Spark Structured streaming - dropDuplicates with watermark

classic Classic list List threaded Threaded
1 message Options
Reply | Threaded
Open this post in threaded view
|

Spark Structured streaming - dropDuplicates with watermark

Nirmal Manoharan
I am trying to deduplicate on streaming data using the dropDuplicate function with watermark. The problem I am facing currently is that I have to two timestamps for a given record
1. One is the eventtimestamp - timestamp of the record creation from the source
2. Another is an transfer timestamp - timestamp from an intermediate process that is responsible to stream the data.
The duplicates are introduced during the intermediate stage so for a given a record duplicate, the eventtimestamp is same but transfer timestamp is different.

For the watermark, I like to use the transfertimestamp because I know the duplicates cant occur more than 3 minutes apart in transfer. But I cant use it within dropDuplicate because it wont capture the duplicates as the duplicates have different transfer timestamp.

Here is an example,
        Event 1:{ "EventString":"example1", "Eventtimestamp": "2018-11-29T10:00:00.00", "TransferTimestamp": "2018-11-29T10:05:00.00" }
        Event 2 (duplicate): {"EventString":"example1", "Eventtimestamp": "2018-11-29T10:00:00.00", "TransferTimestamp": "2018-11-29T10:08:00.00"}

In this case, the duplicate was created during transfer after 3 mins from the original event

My code is like below,
   
streamDataset.
    .withWatermark("transferTimestamp", "4 minutes")
    .dropDuplicates("eventstring","transferTimestamp");

The above code won't drop the duplicates as transferTimestamp is unique for the event and its duplicate. But currently, this is the only way as Spark forces me to include the watermark column in the dropDuplicates function.

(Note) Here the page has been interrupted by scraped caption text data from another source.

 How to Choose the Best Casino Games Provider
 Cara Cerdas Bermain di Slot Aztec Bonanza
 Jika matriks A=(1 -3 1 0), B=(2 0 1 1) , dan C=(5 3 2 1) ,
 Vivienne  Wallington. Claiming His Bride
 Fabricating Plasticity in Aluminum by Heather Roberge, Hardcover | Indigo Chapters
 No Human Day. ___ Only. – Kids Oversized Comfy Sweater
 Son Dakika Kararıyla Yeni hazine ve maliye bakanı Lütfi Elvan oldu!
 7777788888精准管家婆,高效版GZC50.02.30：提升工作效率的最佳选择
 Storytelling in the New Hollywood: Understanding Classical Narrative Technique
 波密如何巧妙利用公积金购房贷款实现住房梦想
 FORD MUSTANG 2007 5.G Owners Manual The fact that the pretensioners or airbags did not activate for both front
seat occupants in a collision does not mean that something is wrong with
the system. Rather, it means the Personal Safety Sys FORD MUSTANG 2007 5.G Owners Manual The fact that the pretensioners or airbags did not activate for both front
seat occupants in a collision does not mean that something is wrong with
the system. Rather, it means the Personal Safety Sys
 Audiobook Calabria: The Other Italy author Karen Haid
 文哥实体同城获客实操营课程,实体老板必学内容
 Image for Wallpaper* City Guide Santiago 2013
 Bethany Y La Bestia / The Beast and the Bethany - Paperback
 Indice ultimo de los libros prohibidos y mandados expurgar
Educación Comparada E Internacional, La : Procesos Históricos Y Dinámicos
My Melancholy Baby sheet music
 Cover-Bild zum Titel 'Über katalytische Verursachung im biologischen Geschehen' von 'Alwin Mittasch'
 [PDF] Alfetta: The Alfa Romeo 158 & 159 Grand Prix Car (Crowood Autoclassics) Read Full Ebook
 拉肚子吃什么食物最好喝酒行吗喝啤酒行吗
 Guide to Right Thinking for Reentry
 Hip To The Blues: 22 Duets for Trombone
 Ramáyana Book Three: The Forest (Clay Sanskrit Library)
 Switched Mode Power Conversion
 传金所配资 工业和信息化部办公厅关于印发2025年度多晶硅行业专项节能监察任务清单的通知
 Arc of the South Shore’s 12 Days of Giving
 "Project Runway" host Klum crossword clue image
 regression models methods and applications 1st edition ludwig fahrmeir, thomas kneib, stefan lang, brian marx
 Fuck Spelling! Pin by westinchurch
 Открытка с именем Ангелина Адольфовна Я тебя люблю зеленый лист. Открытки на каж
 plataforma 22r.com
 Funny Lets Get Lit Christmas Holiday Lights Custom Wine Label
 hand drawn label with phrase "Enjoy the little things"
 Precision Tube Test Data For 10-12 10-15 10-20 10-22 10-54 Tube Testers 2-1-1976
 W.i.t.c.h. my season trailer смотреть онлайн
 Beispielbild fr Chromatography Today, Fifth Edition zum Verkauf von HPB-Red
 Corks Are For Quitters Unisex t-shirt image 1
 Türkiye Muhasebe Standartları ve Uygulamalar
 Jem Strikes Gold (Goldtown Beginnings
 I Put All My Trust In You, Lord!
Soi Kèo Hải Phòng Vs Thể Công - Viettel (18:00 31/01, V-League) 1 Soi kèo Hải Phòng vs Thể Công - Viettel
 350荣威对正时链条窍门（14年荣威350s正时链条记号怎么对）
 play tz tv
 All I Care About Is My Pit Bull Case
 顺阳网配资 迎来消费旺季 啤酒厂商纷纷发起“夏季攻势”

I would really like to see an dropDuplicate implementation like below which would be a valid case for any at-least once semantics streams where I dont have to use the watermark field in dropDuplicates and still the watermark based state eviction is honored.
streamDataset.
    .withWatermark("transferTimestamp", "4 minutes")
    .dropDuplicates("eventstring");

If anyone has an alternate solution for this, please let me know. I cant use the eventtimestamp as it is not ordered and time range varies drastically (delayed events and junk events).

Thanks in advance
-Nirmal